* _Supplied data_
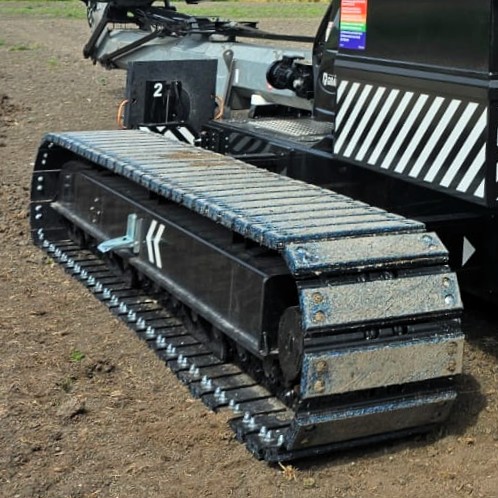 Rups van Giraffe 900.30-GC2 bouwkraan op rups in off-road rijstand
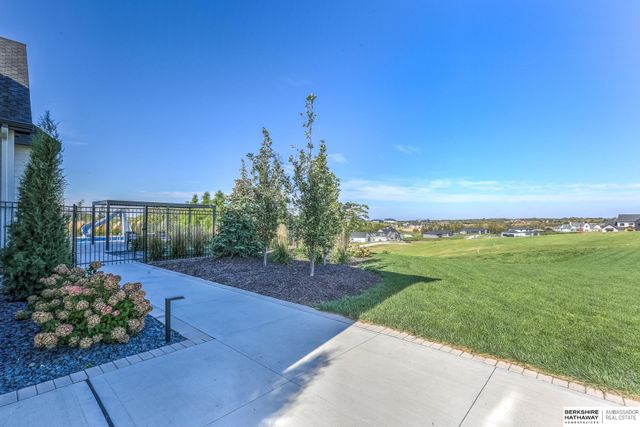 5030 S 223 Plaza, Elkhorn, NE 68022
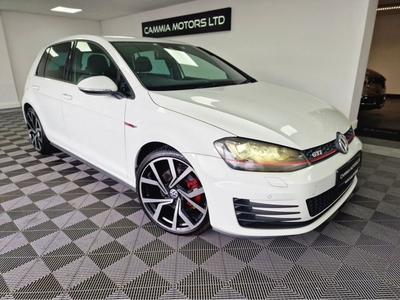 2014 - Volkswagen Golf Automatic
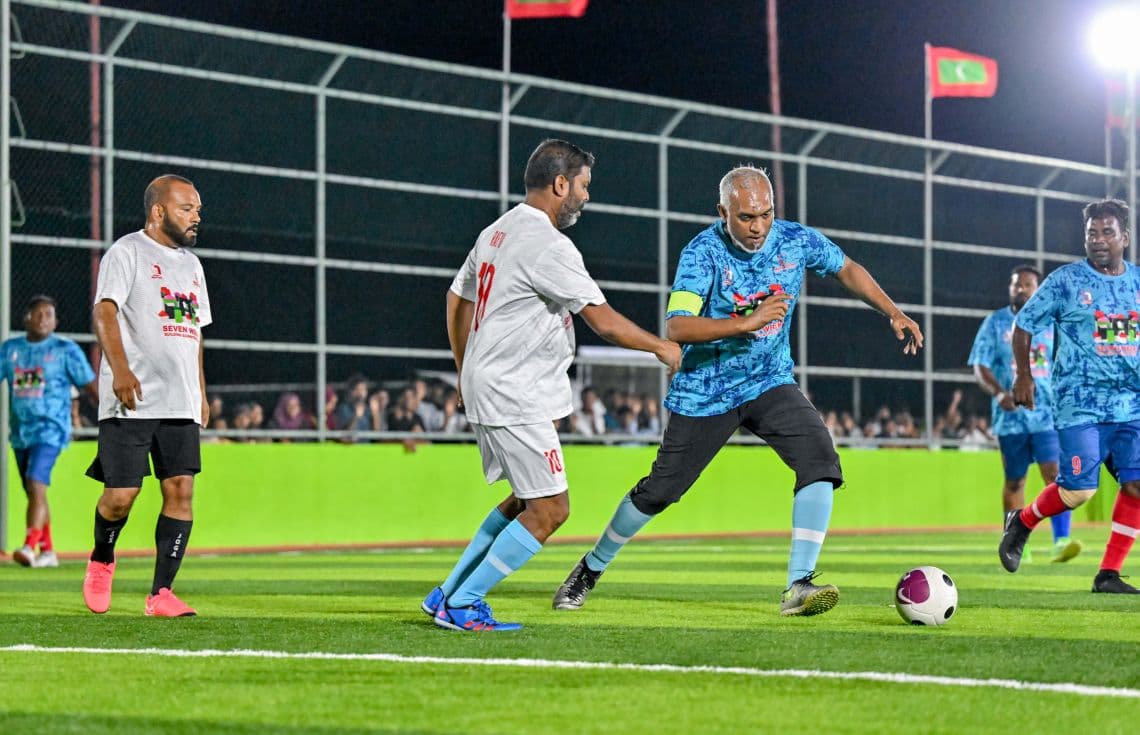 ދ. މީދޫގައި ބޭއްވުނު ފުޓްސެލް މެޗެއްގައި ރައީސް ބައިވެރިވެވަޑައިގަންނަވަނީ. - ފޮޓޯ: ރައީސް އޮފީސް
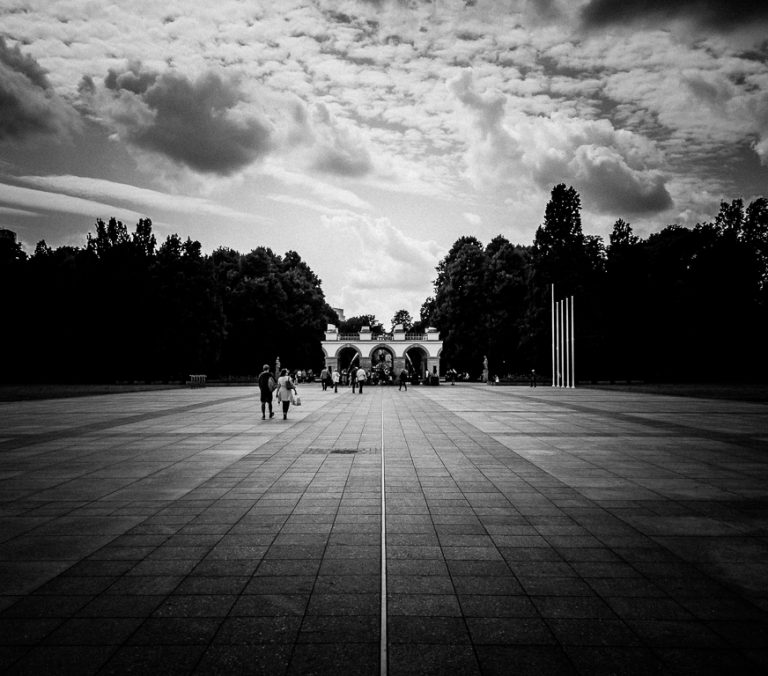 Hrob neznámeho vojaka v centre Varšavy. Foto: Picowatt/flickr.com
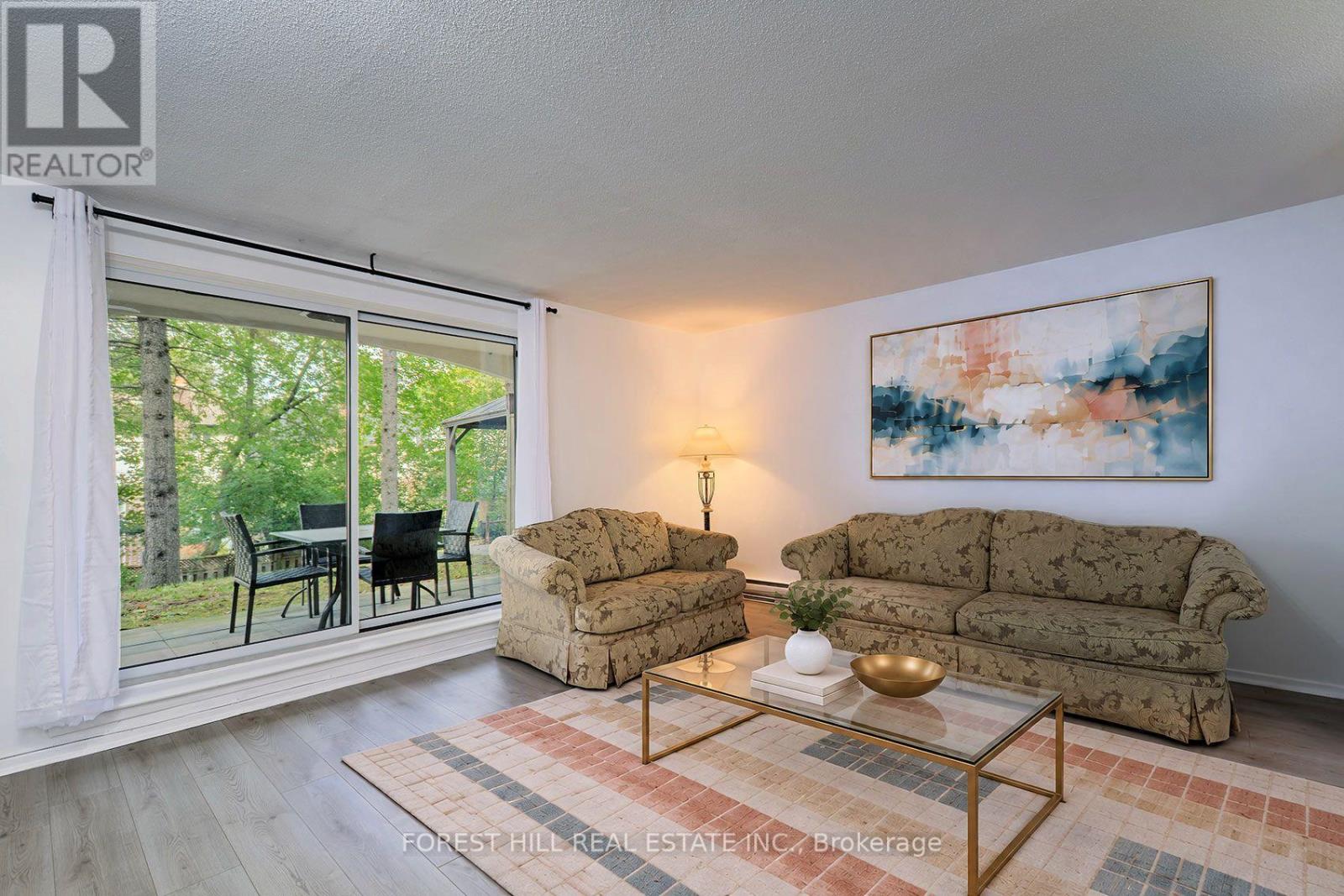 6 - 25 Pebble Byway Property Photo 10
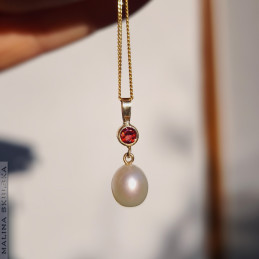 Złota zawieszka z turmalinem i białą perłą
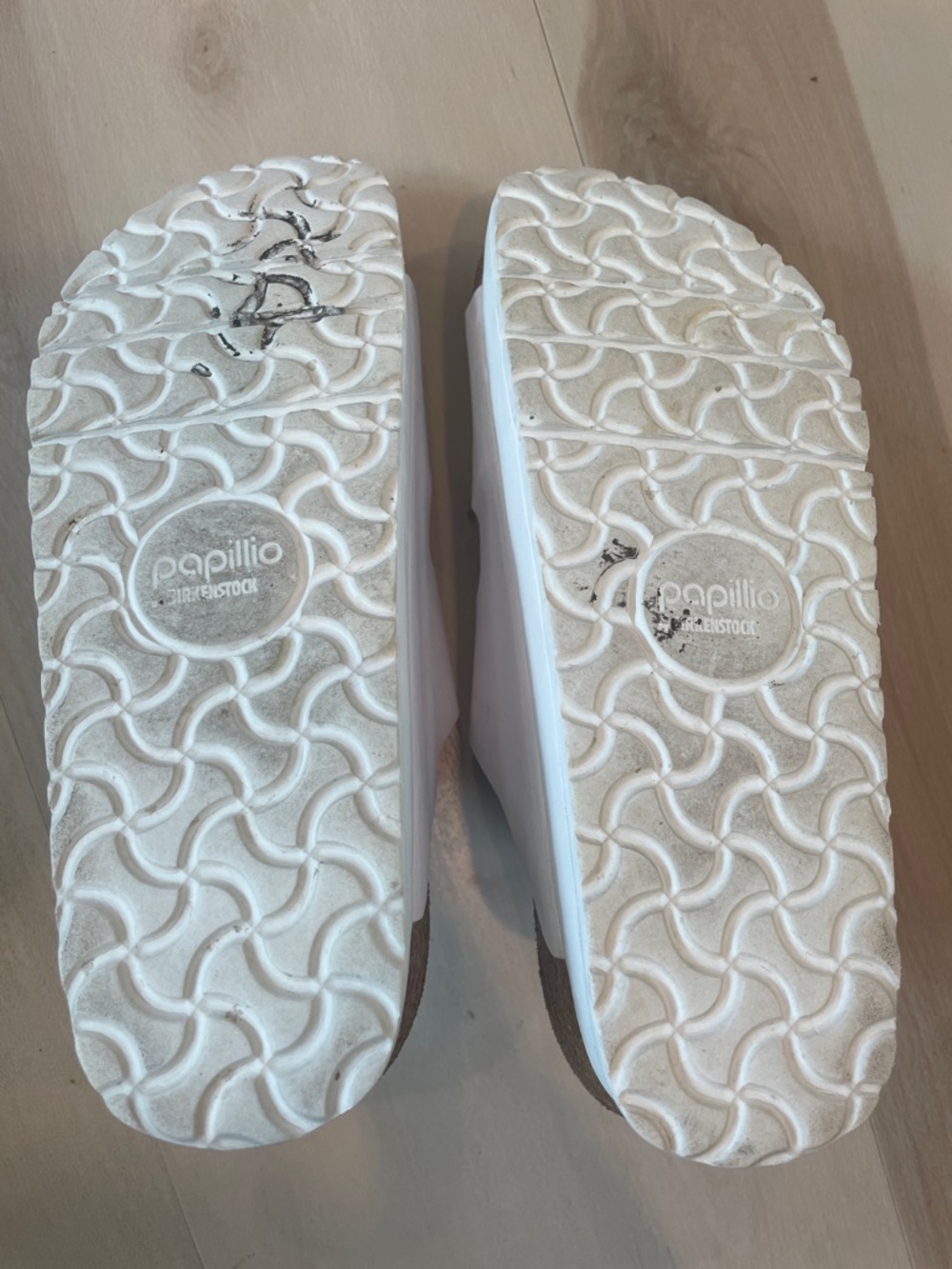 White Birkenstock papillon vegan Arizona Platform flex sole - Picture 9 of 9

* _What to produce_
Where the line containing "5030 S 223 Plaza, Elkhorn, NE 68022" appears, begin copying there and continue exactly through the final line of the records; both end lines belong in the copy, pictures do not.

* _Task response_
 5030 S 223 Plaza, Elkhorn, NE 68022
 2014 - Volkswagen Golf Automatic
 ދ. މީދޫގައި ބޭއްވުނު ފުޓްސެލް މެޗެއްގައި ރައީސް ބައިވެރިވެވަޑައިގަންނަވަނީ. - ފޮޓޯ: ރައީސް އޮފީސް
 Hrob neznámeho vojaka v centre Varšavy. Foto: Picowatt/flickr.com
 6 - 25 Pebble Byway Property Photo 10
 Złota zawieszka z turmalinem i białą perłą
 White Birkenstock papillon vegan Arizona Platform flex sole - Picture 9 of 9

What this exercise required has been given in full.